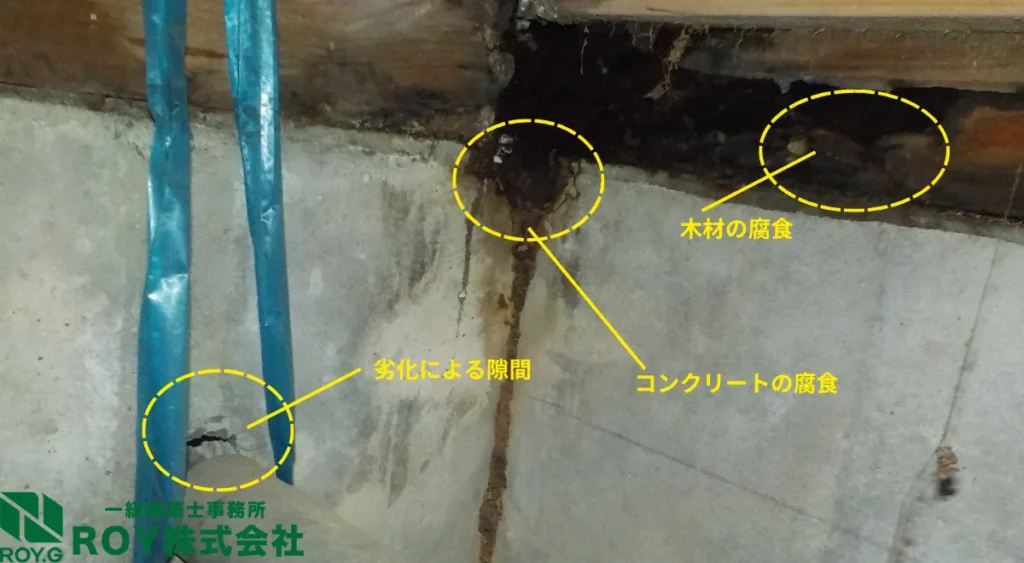 害虫による住宅被害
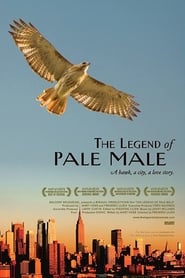 The Legend of Pale Male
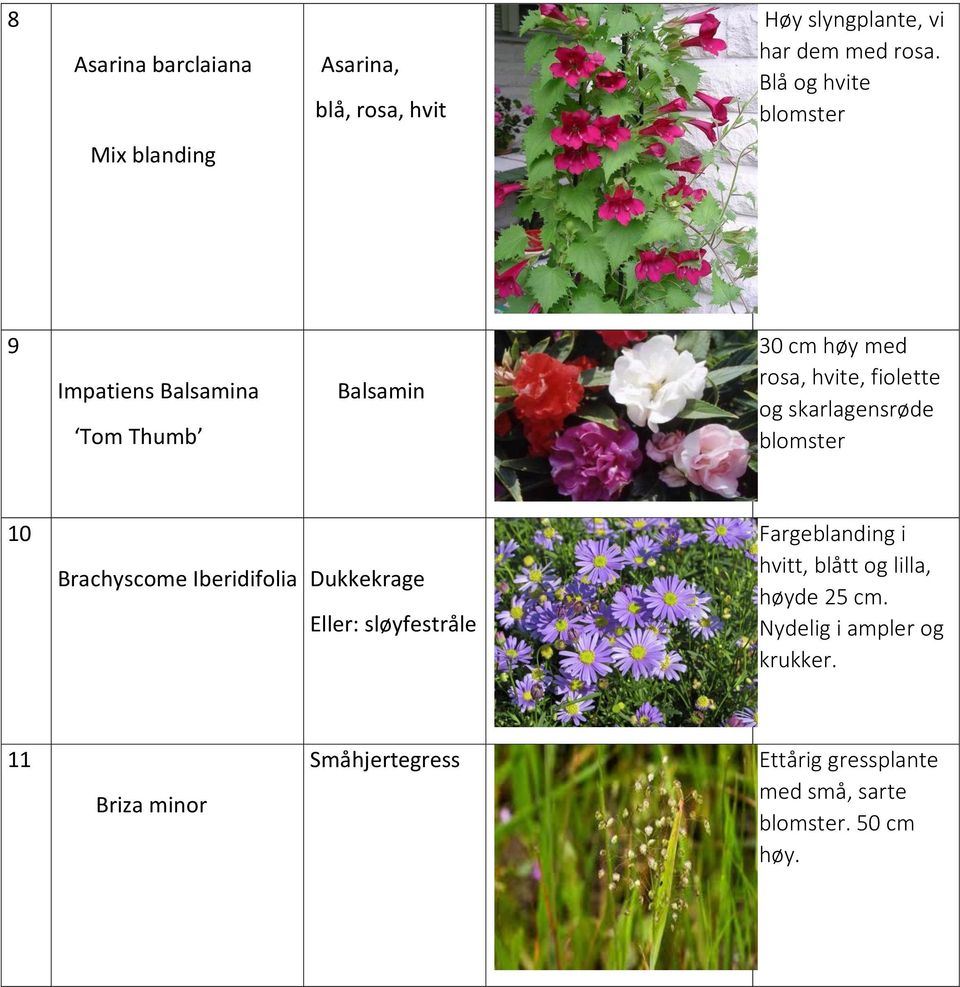 og skarlagensrøde blomster 10 Brachyscome Iberidifolia Dukkekrage Eller: sløyfestråle Fargeblanding i hvitt,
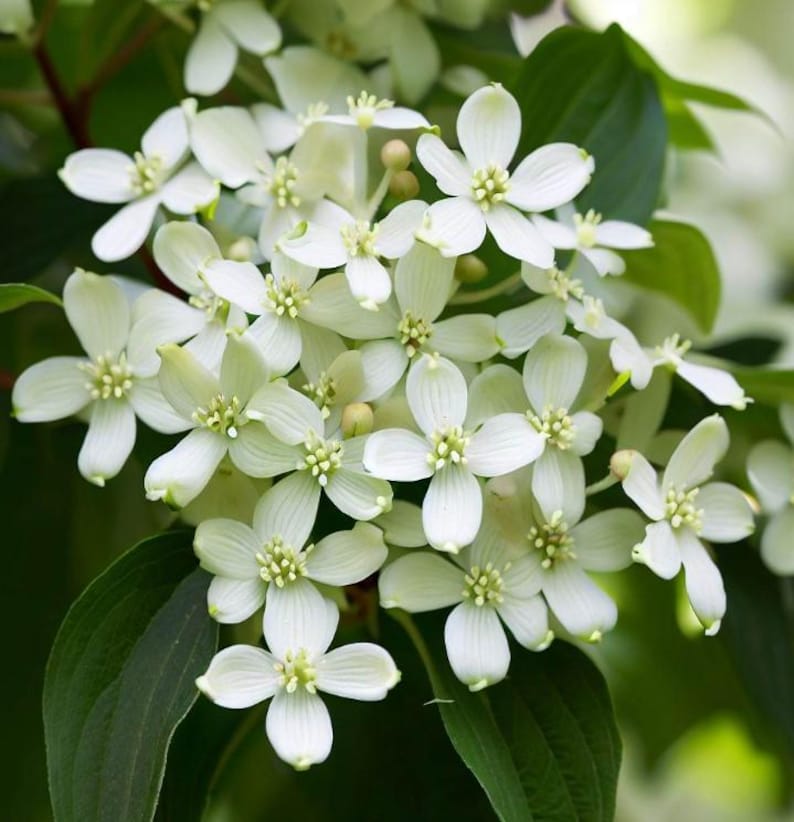 Gray Dogwood Tree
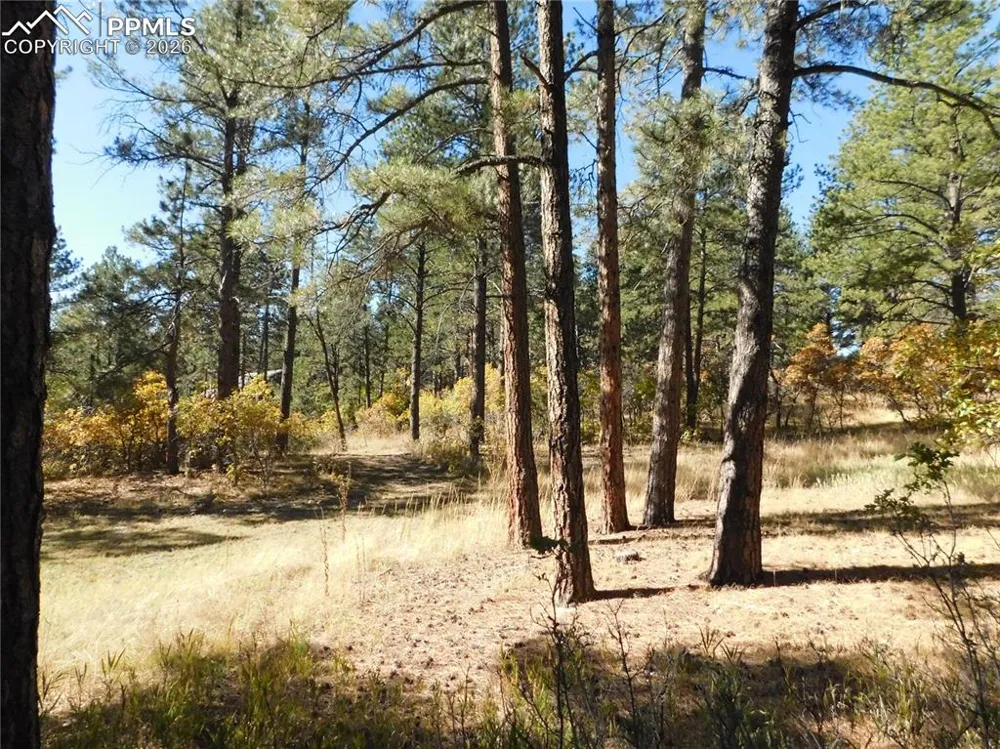 682 Copper Fox Place Larkspur, CO 80118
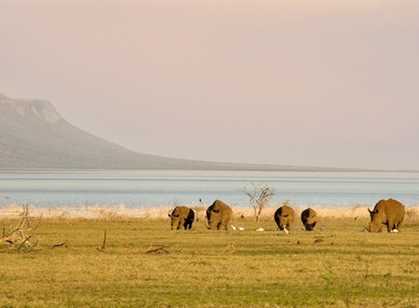 Pongola Game Reserve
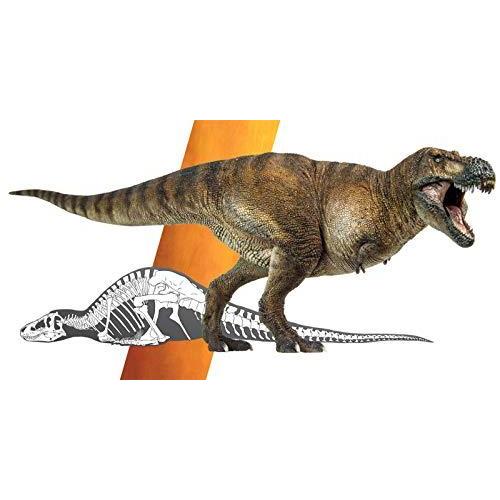 Pnso 恐竜博物館 1 35 サイズ リアル 模型 ティラノサウルス T Rex 恐竜好 恐竜 リアル フィギュア Pvc プラモデル おもちゃ 模型 恐竜好 A B08r1ntghd 2601 Asrm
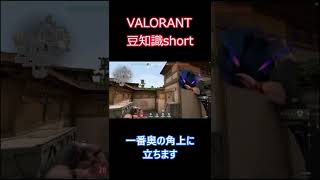 【フェイド】ヘイヴンAサイト防衛ホウント 【VALORANT豆知識】 #Shorts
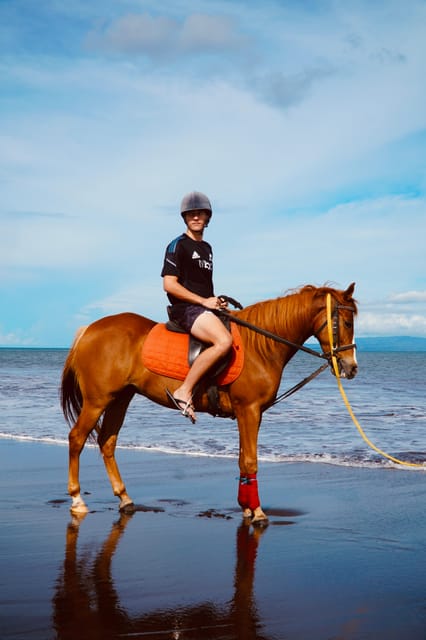 Bali: Sanur Horse Riding on the Beach Guide Tour - Frequently Asked Questions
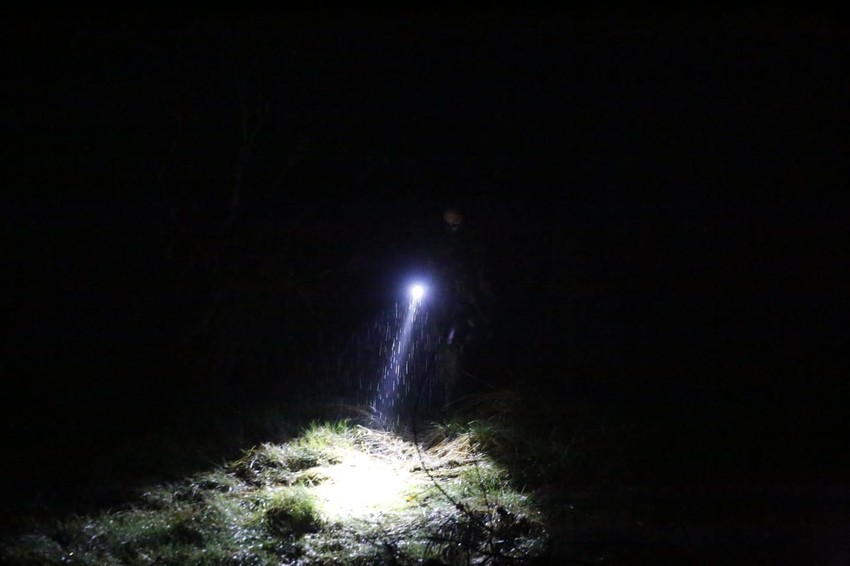 Potraga za nestalom Dankom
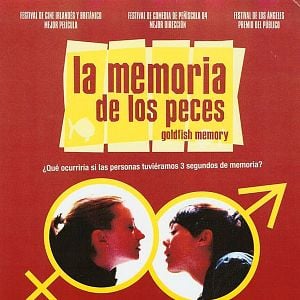 Foto La memoria de los peces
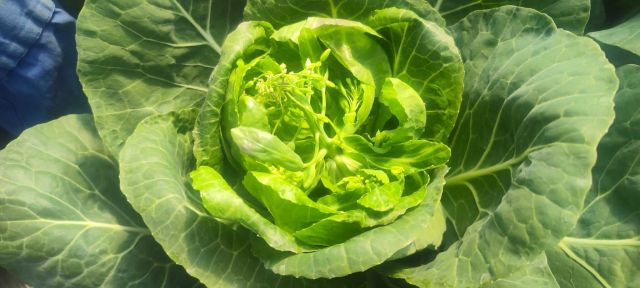 Bolting la varza in cultura din solar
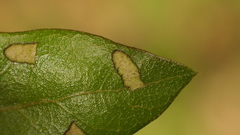 Homoeolabus analis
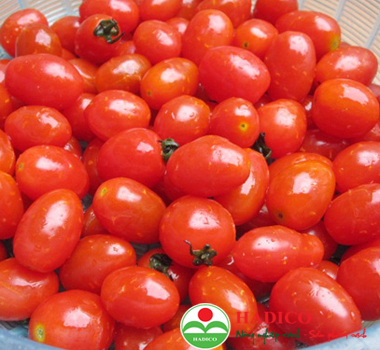 Cà chua bi (1kg)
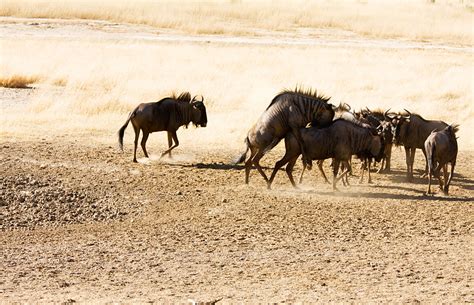 Kgalagadi Transfrontier Park – Travel guide, Map & More!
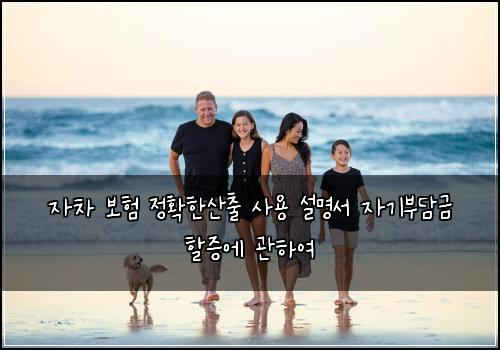 자차 보험 정확한산출  사용 설명서 자기부담금 할증에 관하여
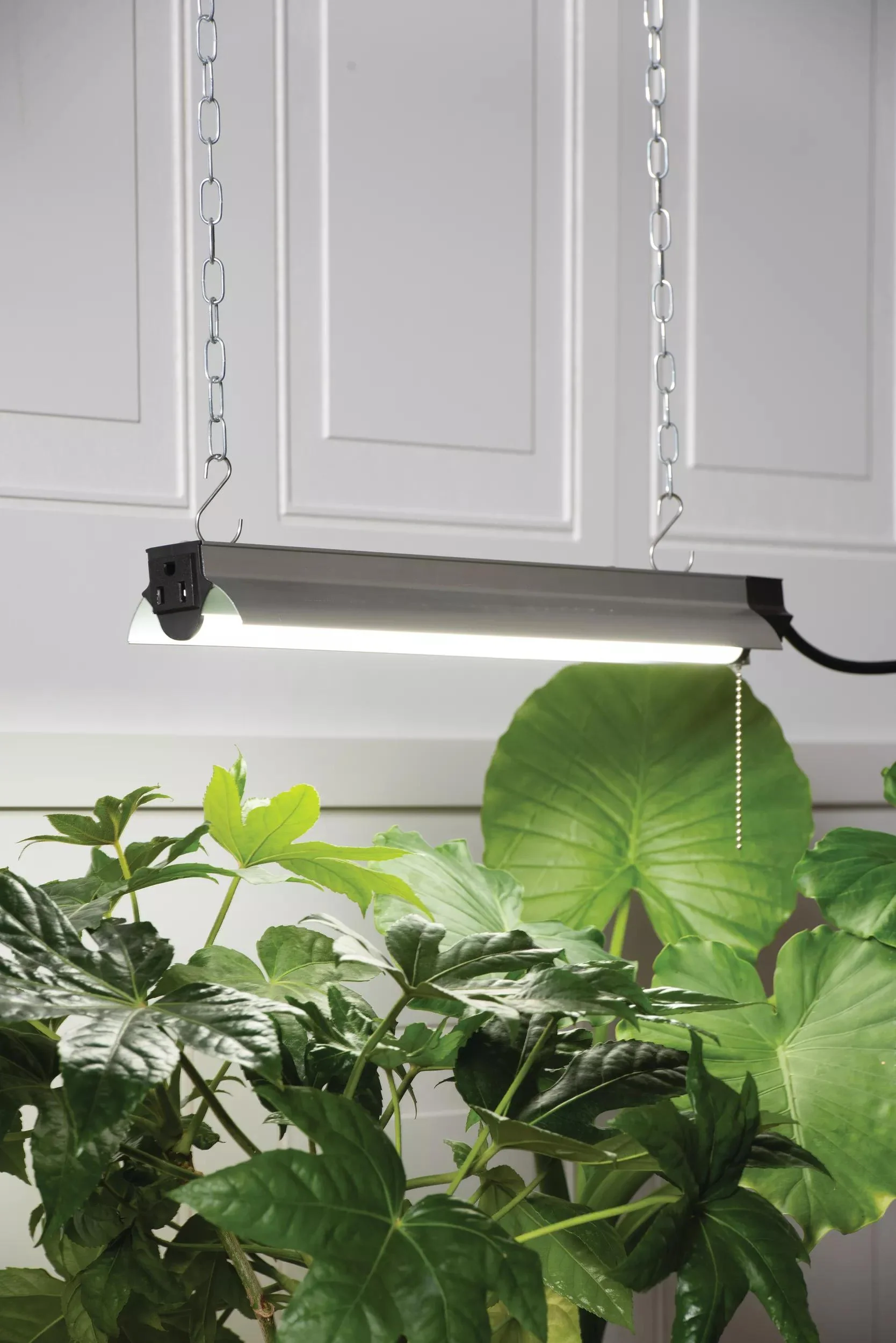 873-miracle-led-hangable-led-grow-light-2.webp Miracle LED® Hangable LED Grow Light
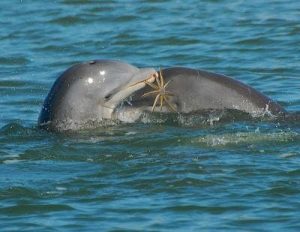 Dolphin with starfish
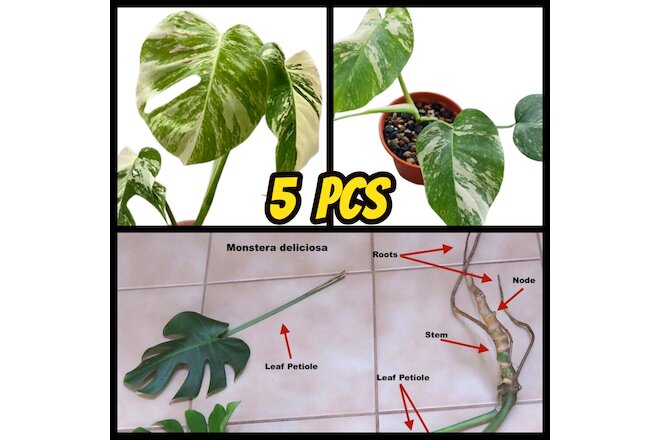 5 Monstera Albo Nodes Rooted Rare Variegated Rooted Cutting Plant From Ceylon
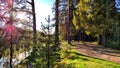 Clay dry dirt road in a pine forest on a sunny autumn, spring, or summer day. Natural landscape in good weather with the Royalty Free Stock Photo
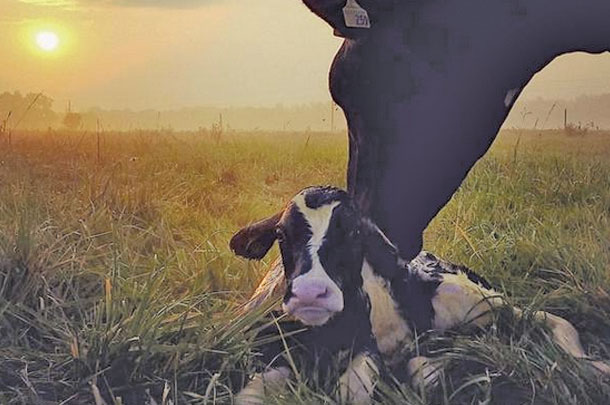 cow and calf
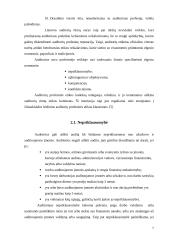 Auditoriaus elgesio etika 7 puslapis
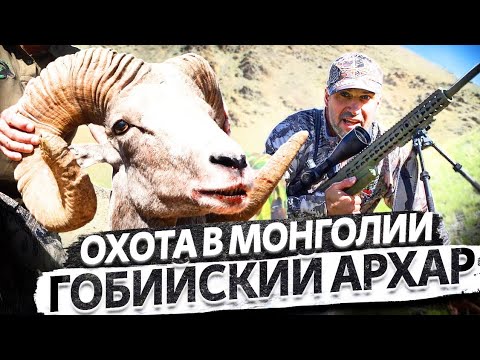 Видео: Трофейная_охота_в_Монголии._Гобийский_арха#загоннаяохота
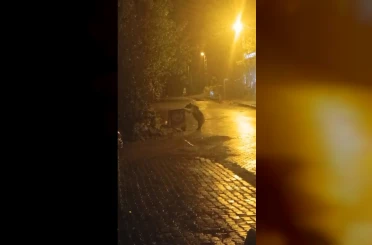 Sarıkamış’ta ayılar kış uykusunu unuttu 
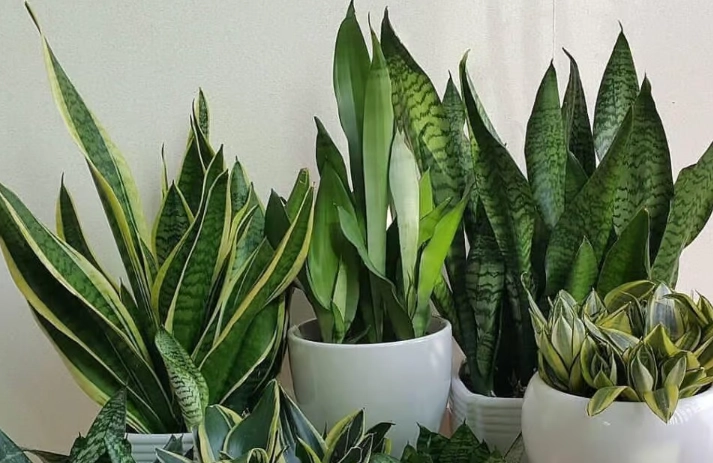 snake plant care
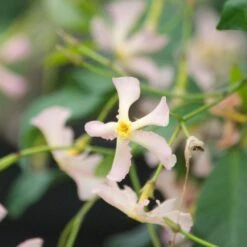 Jasmin étoilé Ou Trachelospermum Asiaticum PINK SHOWERS ®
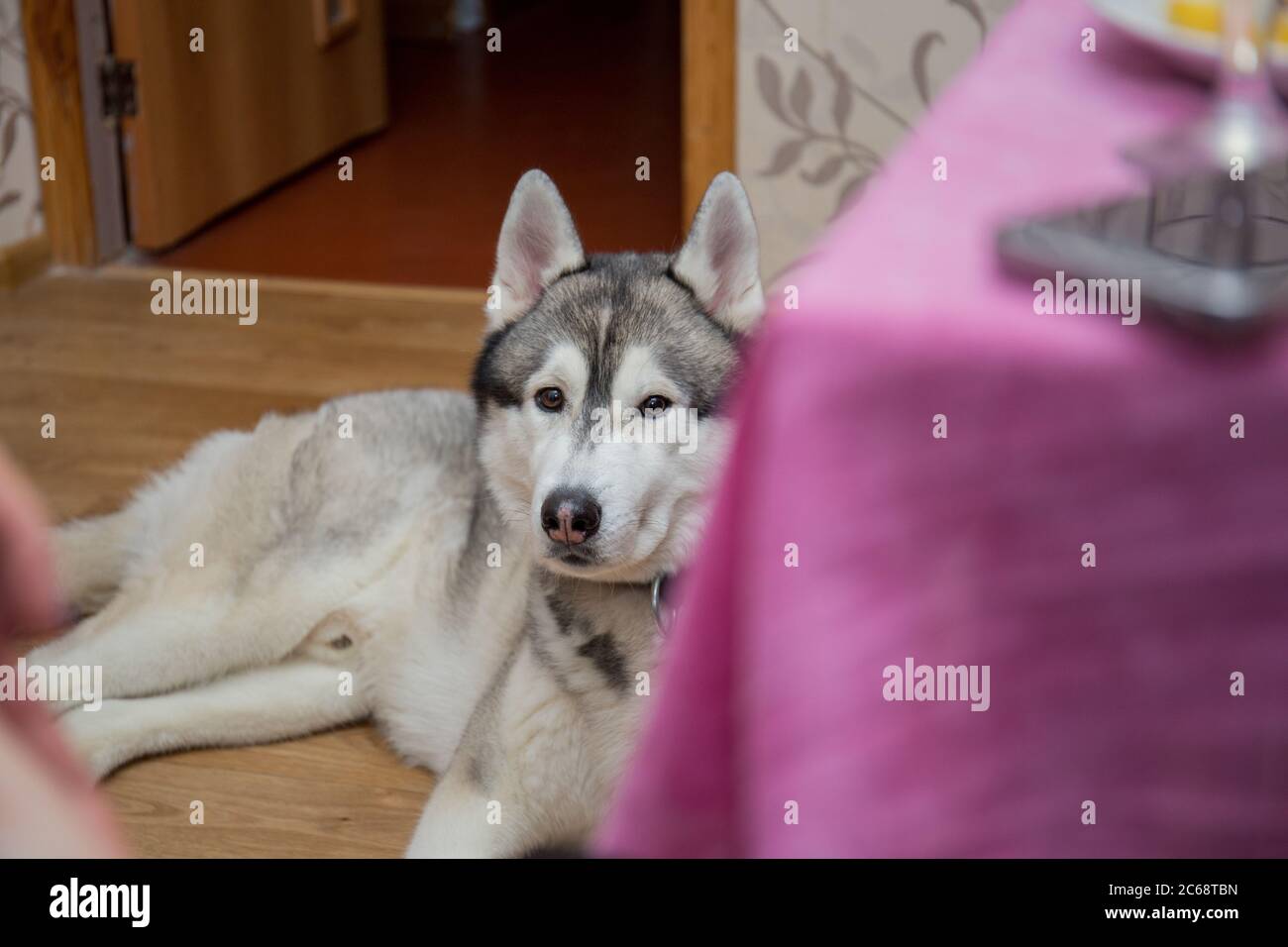 husky dog on the floor in room Stock Photo - Alamy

- Instructions to follow
Every line from the one containing "873-miracle-led-hangable-led-grow-light-2.webp Miracle LED®" through the last line of the data is to be retyped exactly, with nothing added and no pictures included.

- Result below
 873-miracle-led-hangable-led-grow-light-2.webp Miracle LED® Hangable LED Grow Light
 Dolphin with starfish
 5 Monstera Albo Nodes Rooted Rare Variegated Rooted Cutting Plant From Ceylon
 Clay dry dirt road in a pine forest on a sunny autumn, spring, or summer day. Natural landscape in good weather with the Royalty Free Stock Photo
 cow and calf
 Auditoriaus elgesio etika 7 puslapis
 Видео: Трофейная_охота_в_Монголии._Гобийский_арха#загоннаяохота
 Sarıkamış’ta ayılar kış uykusunu unuttu 
 snake plant care
 Jasmin étoilé Ou Trachelospermum Asiaticum PINK SHOWERS ®
 husky dog on the floor in room Stock Photo - Alamy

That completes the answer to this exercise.